Along with burglaries at the offices of the Associated Press and another newspaper, the incident led to the founding of "a coalition of civil society advocacy of rights and freedoms" led by Yemeni journalists to advocate for their protection and rights. Internationally, the incident was condemned by the Austria-based International Press Institute, which called it "a disturbing picture of the varied methods being used to silence critical voices in the Yemeni press", and by the France-based Reporters Without Borders, which called it "a reminder that it is still very difficult to work as an independent journalist in this country". Amnesty International also issued a statement of concern.
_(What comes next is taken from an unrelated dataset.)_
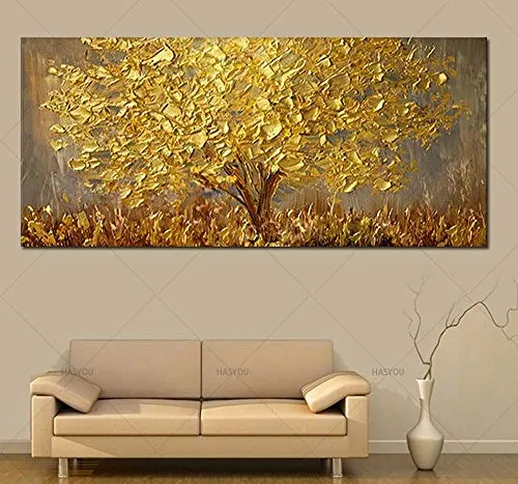 HCHD Dipinto a Mano Coltello Pittura ad Olio Albero d'oro su Tela Grande tavolozza Dipinti...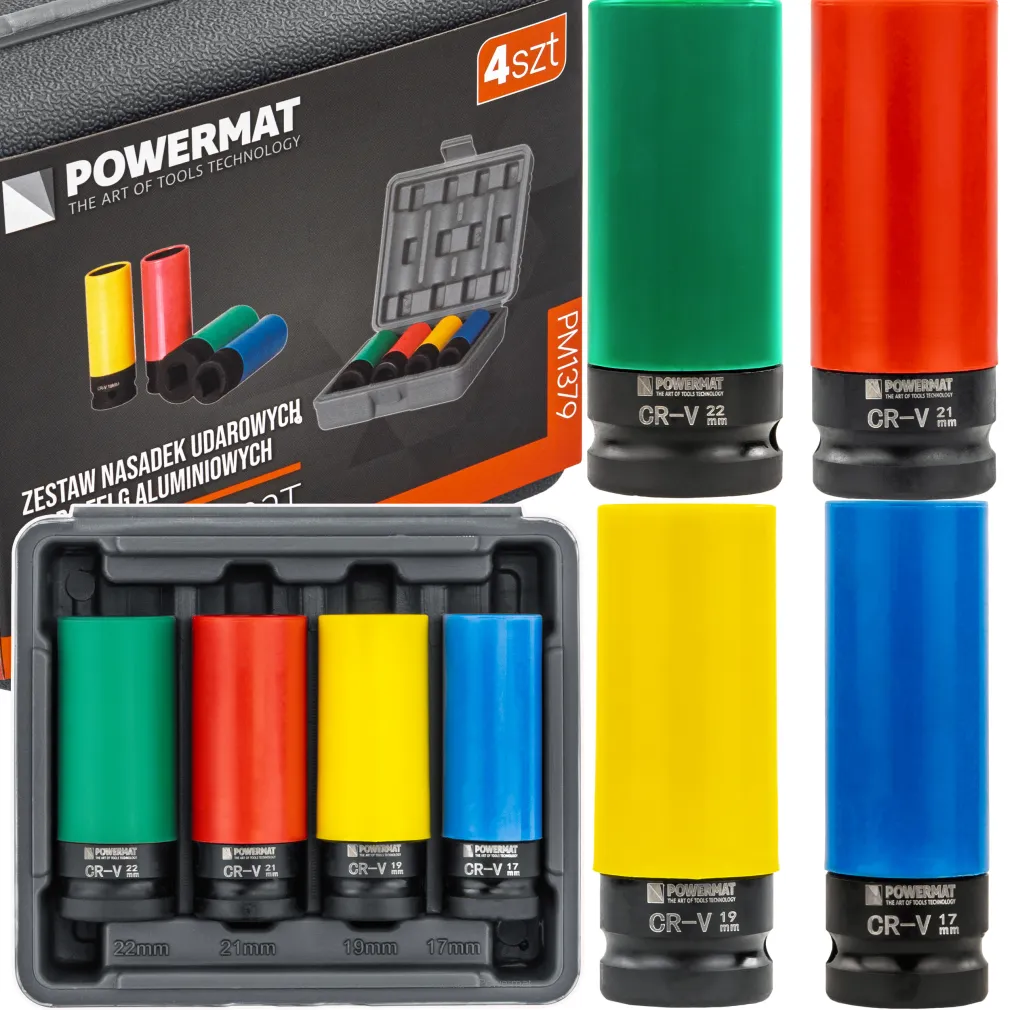 ZESTAW NASADEK UDAROWYCH DO FELG ALUMINIOWYCH 17/19/21/22 MM KOLOROWE 4 SZT  PM-ZNU-1722T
The following year, the US-based Committee to Protect Journalists awarded Amer its International Press Freedom Award, which recognizes journalists who show courage in defending press freedom despite facing attacks, threats, or imprisonment.

Later work 
Amer continued to edit Al-Wasat. In 2008, the Information Ministry attempted to revoke the paper's license, stating that Al-Wasat "undermined national unity, stirred up religious divisions and damaged relations with neighbouring countries". A court overturned the order, allowing the paper to continue publication.

In 2010, his reporter Anisa Mohammed Ali Othman was sentenced in absentia to a year's imprisonment on a charge of insulting the president after she wrote two articles about political corruption. Amer was fined 10,000 riyals (US$50). He described Othman's prison sentence as "cruel and illegal".

References

Yemeni journalists
Living people
Year of birth missing (living people)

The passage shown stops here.